Au commencement, après avoir préparé sur la terre un lieu de délices, Éden, Dieu y plaça Adam, chef de la création, capable de jouir d’un bonheur parfait dans l’innocence, à la seule condition d’obéir à la parole de Dieu. Il ne devait pas manger du fruit défendu. Dans cet heureux état, Satan vint tenter nos premiers parents en leur offrant autre chose que ce que Dieu leur avait accordé, en les engageant à faire ce qui leur était interdit. Hélas! ils désobéirent à Dieu; ils tombèrent sous le pouvoir de l’ennemi, et subirent dès lors, ainsi que tous leurs descendants, les conséquences de leur désobéissance. Aussitôt après, Dieu dit à Satan que la semence de la femme lui briserait la tête (Genèse 3:15), c’est-à-dire lui ôterait son pouvoir. Cette semence de la femme est le second Homme venu du ciel, que nous voyons entrer en scène dans notre chapitre. Il est seul de sa race, aussi seul qu’Adam au jour où il fut placé en Eden; le seul, au milieu de tous les hommes, dont Dieu puisse dire: «Celui-ci est mon Fils bien-aimé, en qui j’ai trouvé mon plaisir». Mais quelle différence quant aux circonstances où ces deux hommes se trouvaient! Le premier était au sein du paradis terrestre; le second entre dans le même monde, mais ruiné par le péché, un monde devenu un désert, un lieu où Dieu ne trouve rien qui puisse le satisfaire, un lieu souillé, hanté par les bêtes sauvages (Marc 1:13), où Satan agit en maître. Voilà ce qu’est devenu, ensuite de la désobéissance du premier Adam, la scène de ce monde, autrefois lieu de délices, et dans ces circonstances Jésus vient recommencer l’histoire du second homme, l’homme obéissant. Il dit en entrant dans le monde: «Voici, je viens — il est écrit de moi dans le rouleau du livre — pour faire, ô Dieu, ta volonté» (Hébreux 10:7). La volonté de Dieu était pour Christ la règle absolue. Alors Satan se présente pour tenter Christ, comme il l’avait fait avec Adam, pensant l’amener sous son pouvoir et l’empêcher d’accomplir la volonté de Dieu; mais il trouve son vainqueur dans l’homme parfaitement obéissant, ainsi que nous allons le voir.

 

Première tentation

(v. 1-4). — «Alors Jésus fut emmené dans le désert par l’Esprit pour être tenté par le diable. Et ayant jeûné quarante jours et quarante nuits, après cela il eut faim. Et le tentateur, s’approchant de lui, dit: Si tu es Fils de Dieu, dis que ces pierres deviennent des pains» (v. 1-3).

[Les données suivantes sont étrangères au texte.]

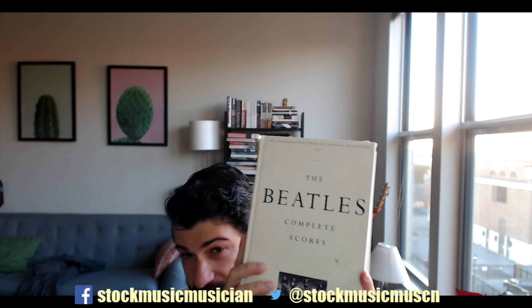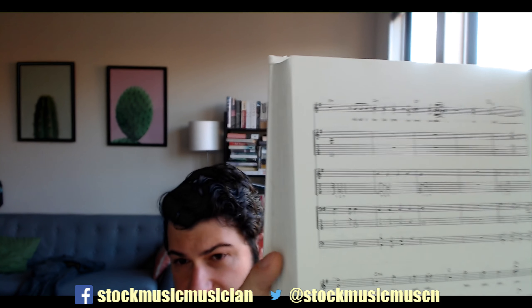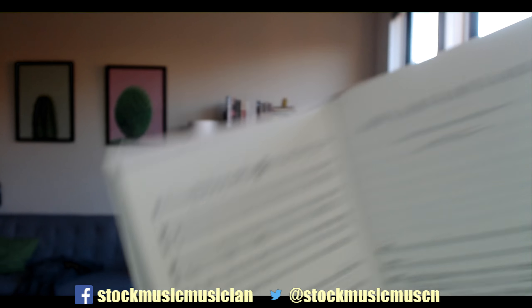So the first book is The Beatles' Complete Score. You can see this thing has been through the ringer. It's dog-eared, and it's just amazing. It's got all of The Beatles' songs in it, organized alphabetically, and it uses a combination of tab and musical notation. It uses tab to show you what the notes are, but it uses musical notation for the rhythm, which makes it pretty easy to start moving through quickly.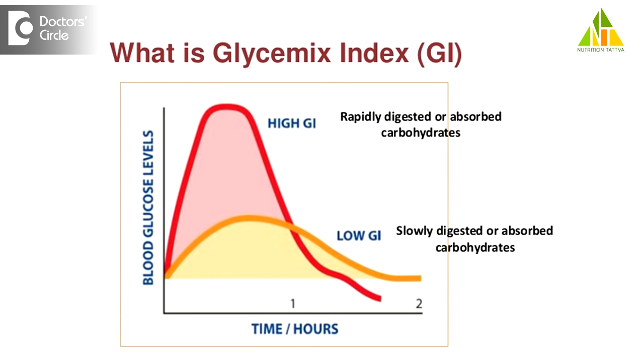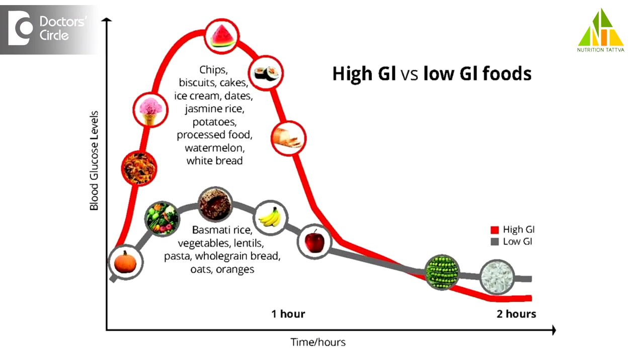Low glycemic index foods, on the other hand, release glucose slowly and regulate insulin secretion, and in fact decrease the risk of diabetes or any other lifestyle disorders. Most fruits and vegetables are relatively moderate and low on GI and should be included regularly.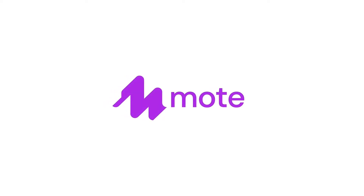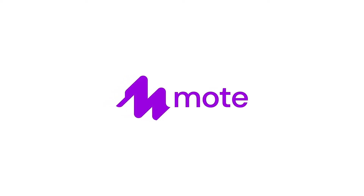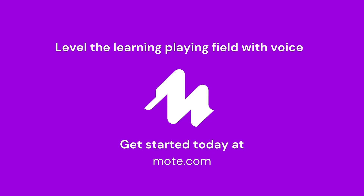It's easy to see why Moat has become the world's favourite tool to level up feedback, accessibility, connection, and language learning. Visit moat.com and get started today.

Dieu avait proclamé que Jésus était son Fils bien-aimé. Alors Satan vient, en quelque sorte, lui dire: «Agis comme Fils de Dieu; use de ta puissance pour apaiser ta faim». Si le Seigneur était le Fils de Dieu, il était aussi l’homme, et c’est comme tel qu’il voulait obéir à Dieu. Au lieu d’entrer en pourparlers avec Satan, il lui répond d’après la règle que Dieu a donnée à l’homme pour se conduire dans ce monde: la parole de Dieu, et lui dit: «Il est écrit: L’homme ne vivra pas de pain seulement, mais de toute parole qui sort de la bouche de Dieu» (Deutéronome 8:3). Ainsi donc, tant qu’il n’y aurait pas une parole de Dieu qui lui dise de faire des pains et de manger, il ne le ferait pas.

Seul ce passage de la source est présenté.